Canadian Exceptionism
Canada is one of the few countries without a major banking crisis. Weirdly, this was also true in 1930. I've seen this list of the success factors for Canadian banks in several places. I want to believe it, but . . .
..it doesn't seem to be as simple as "Canadian banks are more tightly-regulated".
I don't find "they were more tightly regulated" a plausible explanation. When you dig down, most of those explanations seem short on the actual regulations that accomplished this marvelous feat, or even an extraordinary risk management system, and long on glowering regulators putting the fear of God into snivelling bankers through sheer force of moral righteousness. But more importantly, the banking crisis seems to be hitting almost every other country very hard even though they have very different bank regulators.
The standard liberal response is that all of those regulators were in the grip of Anglo-saxon free market mania. Maybe. This Anglo-Saxon mania seems awfully broadly distributed, into countries that don't show much sign of it in other sectors of their economy. More importantly, even if all of these countries had banking systems that were equally unregulated by some metaphysical metric divinable only by contributors to Crooked Timber, they were differently unregulated. Yet countries with very different (assuming arguendo, all bad) regulatory systems were all hard hit.

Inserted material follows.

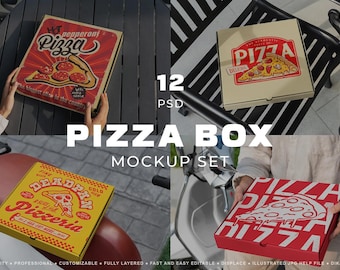 Pizza Box Mockups Set, 12 (outdoor), PSD Template for Takeout Packaging Branding.Pizza Box Mockup Template Bundle with High Resolution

But I don't find this list all that plausible either. 1-4 also describes Britain, indeed, much of Europe. And the last item describes America--it's just people found cute ways to get around the insurance requirement with piggyback loans.
I hate to say it, but the best explanation I've heard comes from Canadian bankers, and people who have worked in/with Canadian banking. It's that the Canadian bankers are, well, Canadian. They're very conservative. And they don't trust easy money.